Reproduce the whole of the records exactly, and make sure no picture is carried into the result.

[Brief descriptive captions]
==============================

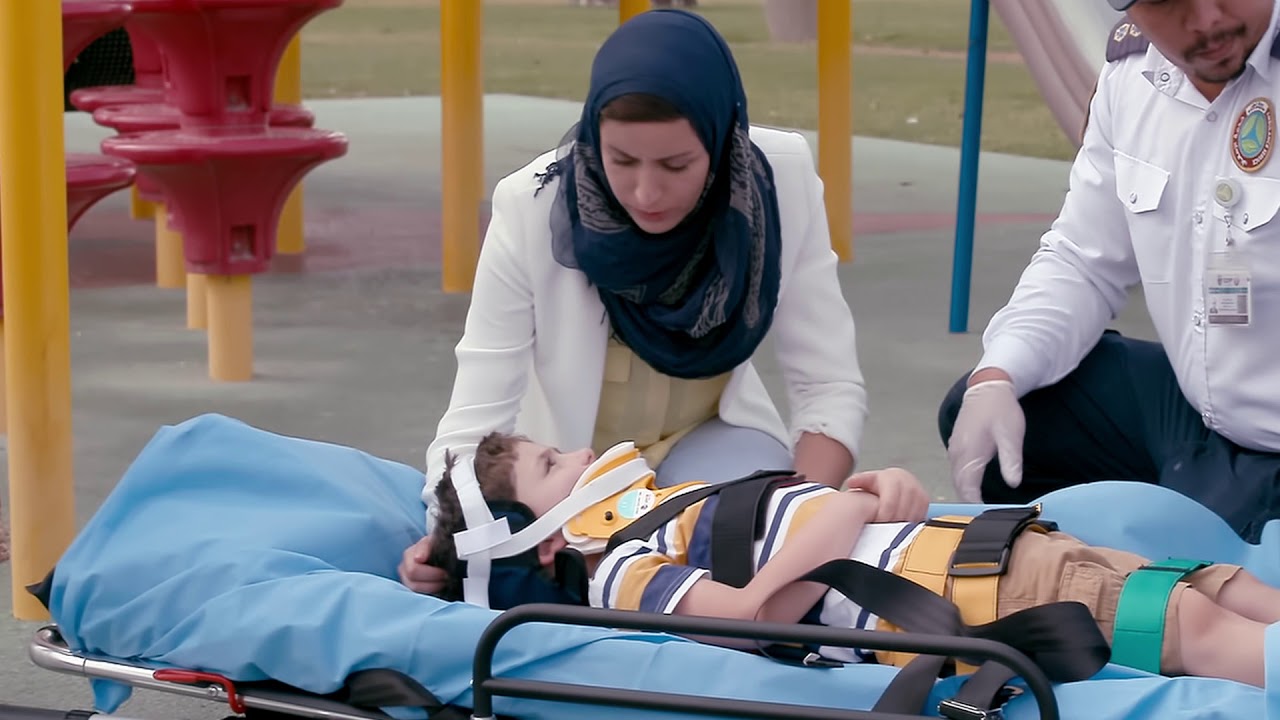 Hamad Medical Corporation - Ambulance Service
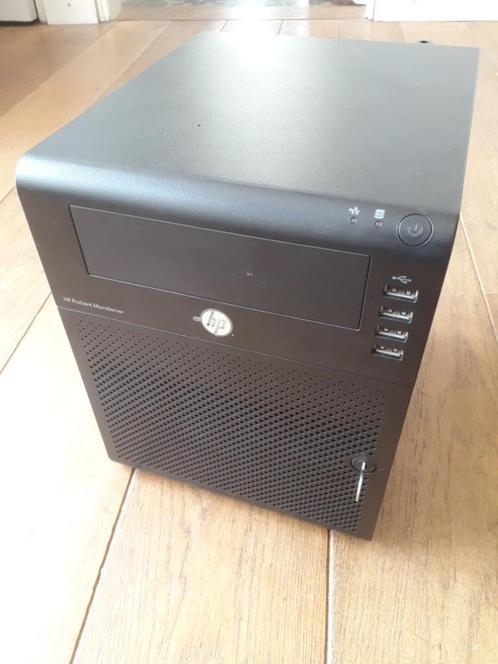 HP Proliant Microserver N36L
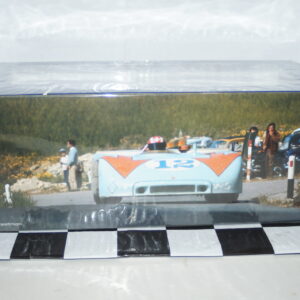 Werk83 porsche 908 / 03 #12 winner #12 targa florio 1970 1:18 diecast w18031003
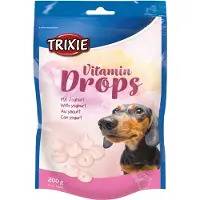 Trixie Drops Vitaminees Yaourt 200g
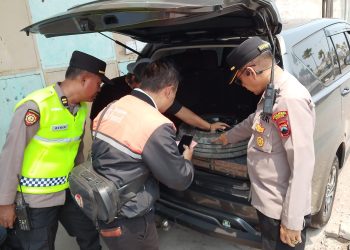 Usai Tarik Rp 208 Juta di Bank, Uang dan Laptop Warga Kudus Raib dari Mobil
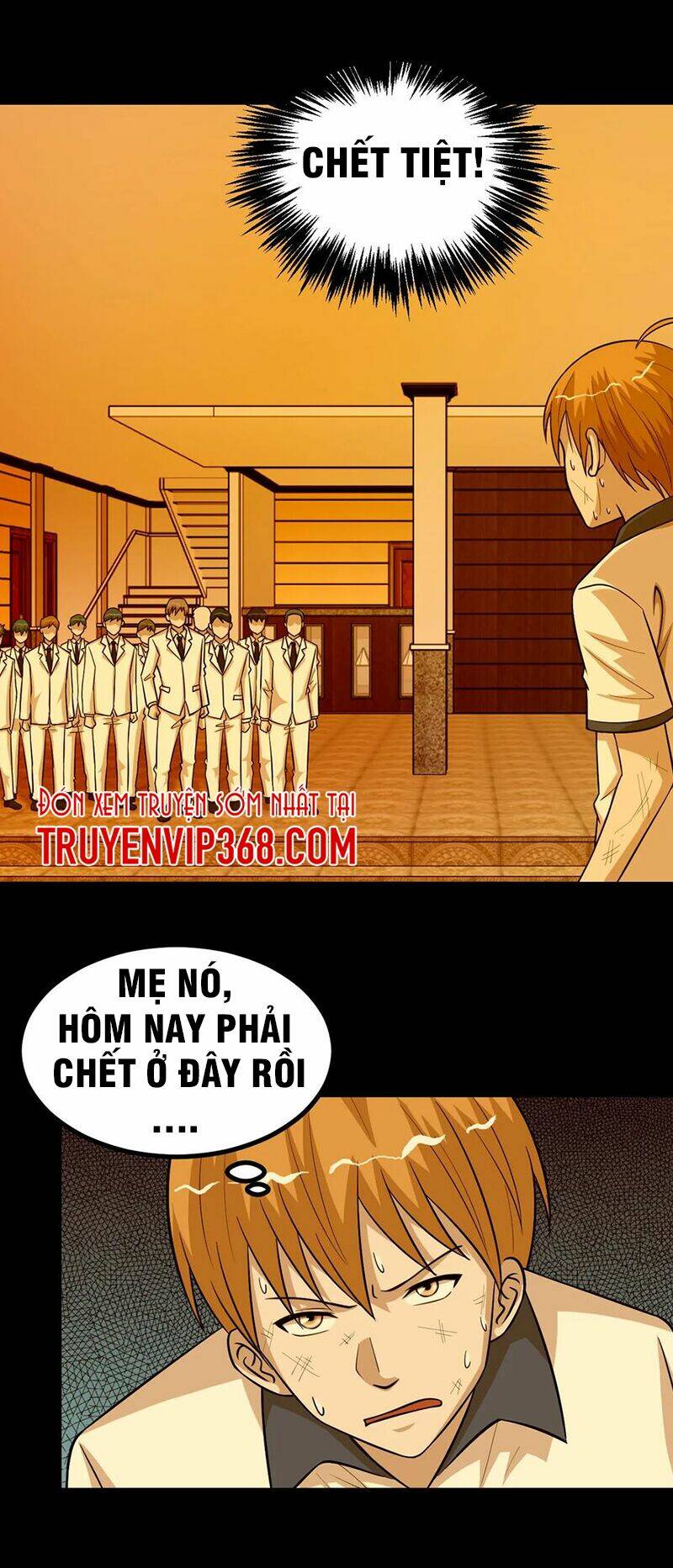 đai ca trở lại tuổi 16 chapter 79 23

==============================

#### Response box
 Hamad Medical Corporation - Ambulance Service
 HP Proliant Microserver N36L
 Werk83 porsche 908 / 03 #12 winner #12 targa florio 1970 1:18 diecast w18031003
 Trixie Drops Vitaminees Yaourt 200g
 Usai Tarik Rp 208 Juta di Bank, Uang dan Laptop Warga Kudus Raib dari Mobil
 đai ca trở lại tuổi 16 chapter 79 23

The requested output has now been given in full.